Foto: ONS/ Divulgação

Entre as funções de Estado da companhia e do centro de pesquisas, estão o Programa Nacional de Conservação de Energia Elétrica (Procel), o qual é gerido por uma Secretaria-Executiva ligada à holding, e o mais recente Luz para todos, o Programa Nacional de Universalização do Acesso e Uso da energia elétrica.

O Procel e o Luz para todos, aliás, também estão ameaçados. E não é apenas pelo processo de privatização da estatal.

A última assembleia dos acionistas da Eletrobras, realizada em 28 de janeiro, fez alterações no estatuto da holding. Além de desobrigar a manutenção do Cepel, o que foi além do que a própria MP de Bolsonaro prevê, os acionistas da Eletrobras decidiram pela exclusão da sua obrigação de manter os programas sociais – inclusive o Procel e o Luz para todos.

A Eletrobras e o papel de Estado

“Tem que ter uma cabeça muito pequena para não ver que um centro de pesquisa como o Cepel é importante e estratégico”, critica Zimmermann, ex-ministro de Minas e Energia

Foto:Antônio Cruz/ Agência Brasil

“Tem que ter uma cabeça muito pequena para não ver que um centro de pesquisa como o Cepel é importante e estratégico”, critica Zimmermann, ex-ministro de Minas e Energia

Foto:Antônio Cruz/ Agência Brasil

Custódio, que também foi diretor de Engenharia e Operações da Centrais Elétricas S.A., a Eletrosul, uma das subsidiárias da Eletrobras, acredita que essa possibilidade pode acarretar falta de recursos para as chamadas pesquisas de fundo. “As empresas privadas, cada vez mais para atender aos seus acionistas, querem resultados no curto prazo. A pesquisa de fundo dá um retorno lento”, ressalta.

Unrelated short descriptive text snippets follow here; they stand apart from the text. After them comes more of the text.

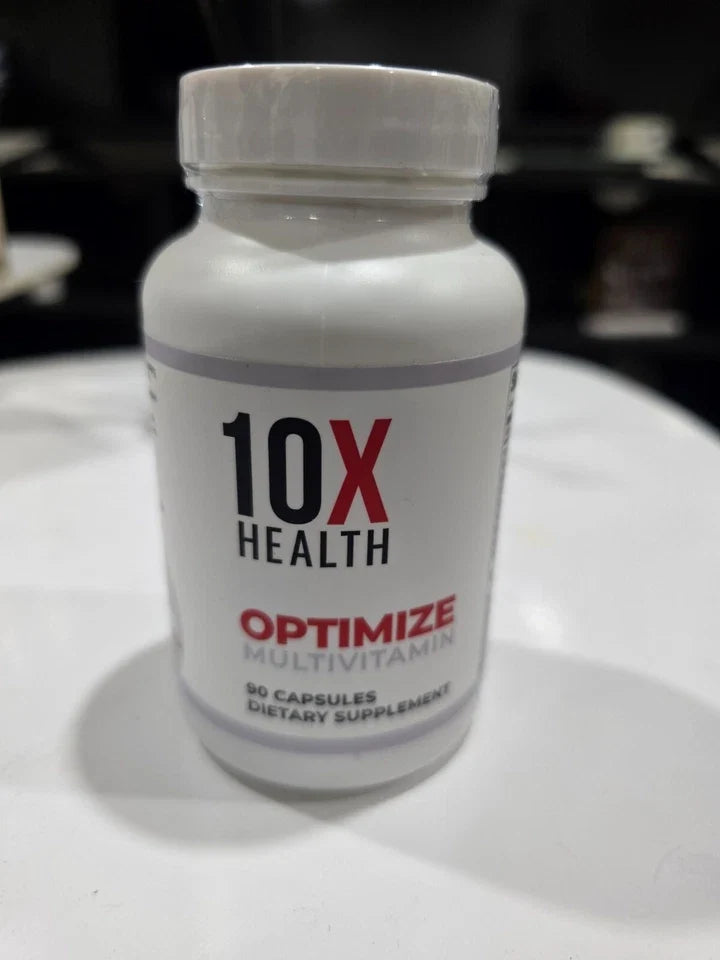 10X Health Optimize Methylated Multivitamin 90 Capsules free shipping.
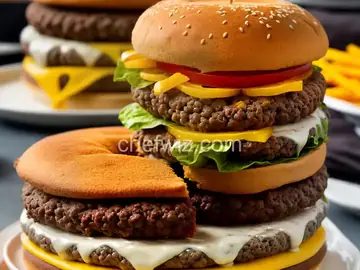 Cheeseburger Cake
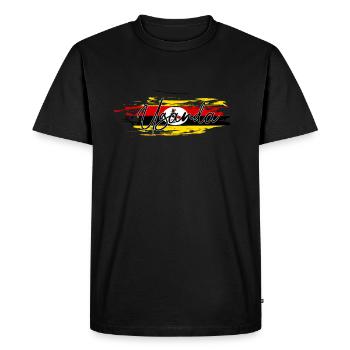Uganda - Men's Premium Organic T-Shirt - black - Front - Nico (187cm)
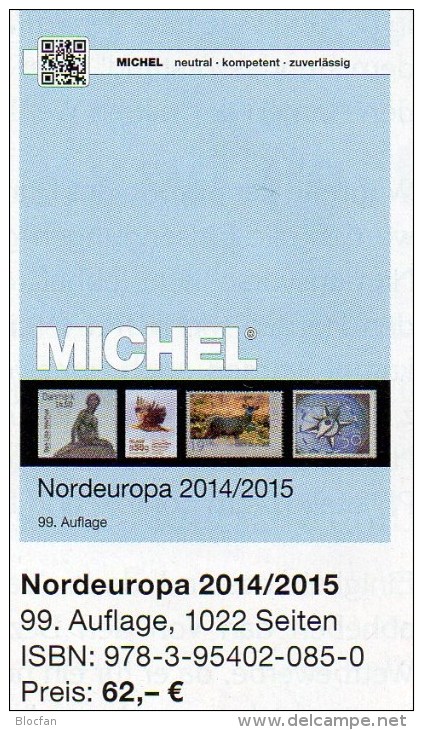 MICHEL Nord-Europa 2014/2015 Katalog Neu 62€ Band 5 Nordeuropa Stamp Danmark Eesti Soumi FL Latvia Litauen Norge Sverige - Altri & Non Classificati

De acordo com o engenheiro, o mínimo que deveria acontecer era o Estado brasileiro assumir a responsabilidade sobre o Cepel. “Países avançados fazem isso”, afirma. Nesse sentido, ele destaca que a MP 1.031/2021 aponta a possibilidade de retirada de investimentos da Eletrobras no Cepel, mesmo com a ideia de ações pulverizadas, sem a existência de um acionista majoritário.

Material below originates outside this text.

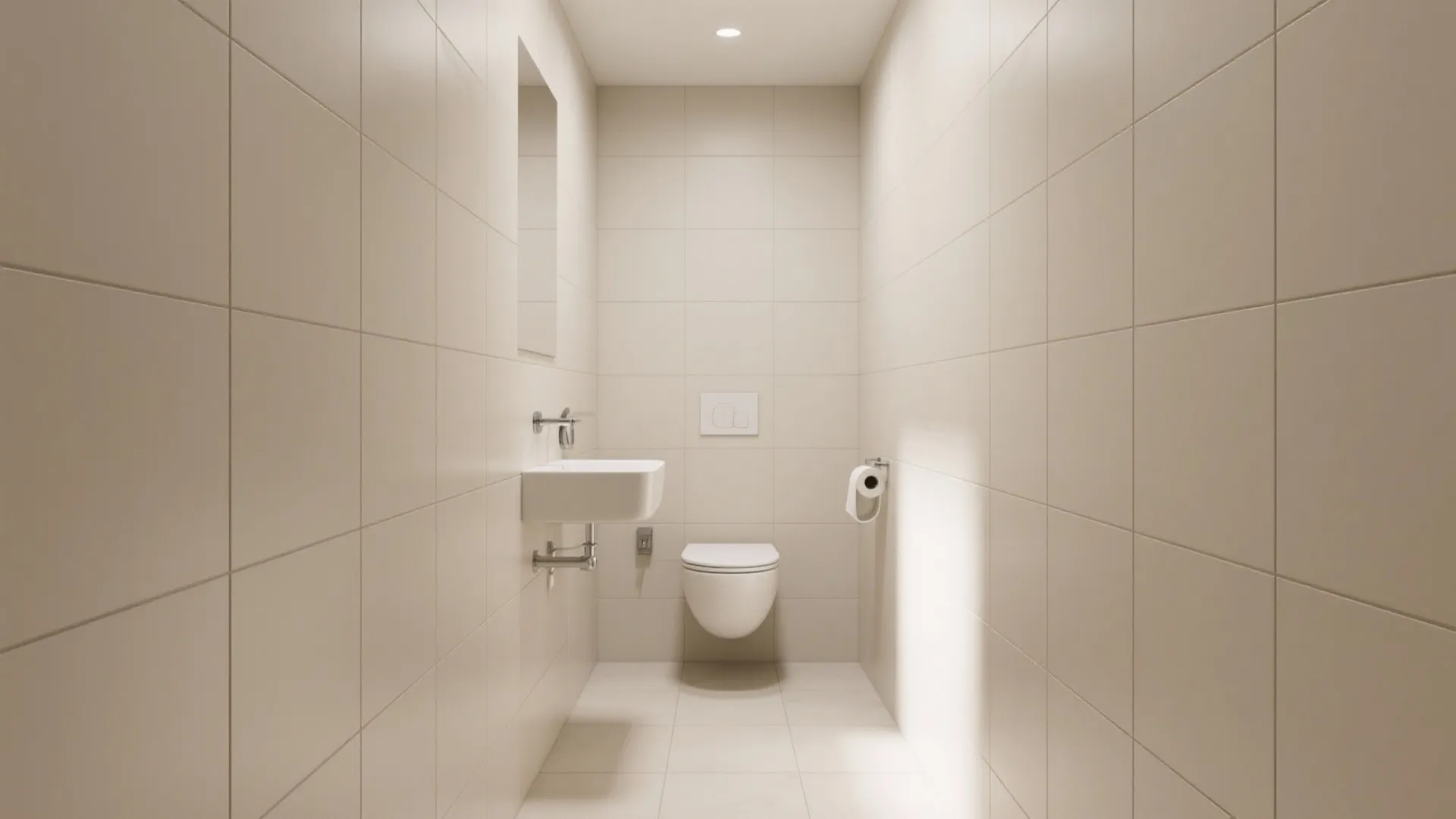 3. Large Tiles in Light Shades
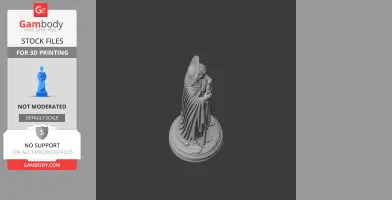 Saint Abadiu of Antinoe - Devotional Statue - STL 3D Print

O ex-ministro Márcio Zimmermann destaca a importância do Cepel na história do Brasil. “Tem que ter uma cabeça muito pequena para não ver que um centro de pesquisa como o Cepel é importante e estratégico”, lamenta. Ex-diretor de Pesquisa e Desenvolvimento do Cepel, ele já passou pelos cargos mais estratégicos do setor elétrico do país. Foi diretor de Engenharia da Eletrobras, presidente da Eletrosul, secretário nacional de Planejamento e Desenvolvimento Energético, secretário-executivo e, posteriormente, titular do Ministério de Minas e Energia (MME).

Na opinião dele, um centro de pesquisas de fato não sobrevive somente com a venda de serviços e produtos. “A pesquisa, a busca de inovação, também pode resultar em experimentos falhos, o que não deixa de ser importante”, explica Zimmermann.

O ex-ministro cita exemplos de instituições de excelência internacional que têm respaldo estatal. “Quando em visita oficial aos Estados Unidos, fiquei sabendo que o Departamento de Energia de lá, que equivale ao nosso ministério, tinha um orçamento de US$ 29 bilhões para P&D”. No Brasil, o orçamento do Ministério de Minas e Energia para 2021 é de R$ 8,9 bilhões.

Nos investimentos norte-americanos, estão o Oak Ridge National Laboratory e o National Renewable Energy Laboratory. São as organizações daquele país que mais se assemelham ao Cepel. O orçamento para o funcionamento desses centros recebe cerca de 80% do governo norte-americano.

Zimmermann lembra, ainda, do Korea Electric Power Research Institute (Kepri). O instituto é uma espécie de subsidiária da Korea Electric Power Corporation (Kepco), a estatal do país asiático.

Um ponto é consensual entre as opiniões de Castro, Custódio e Zimmerman: no decorrer de sua história, a Eletrobras e, por consequência, o Cepel, ao prestarem os seus serviços, cumpriram também papéis de Estado.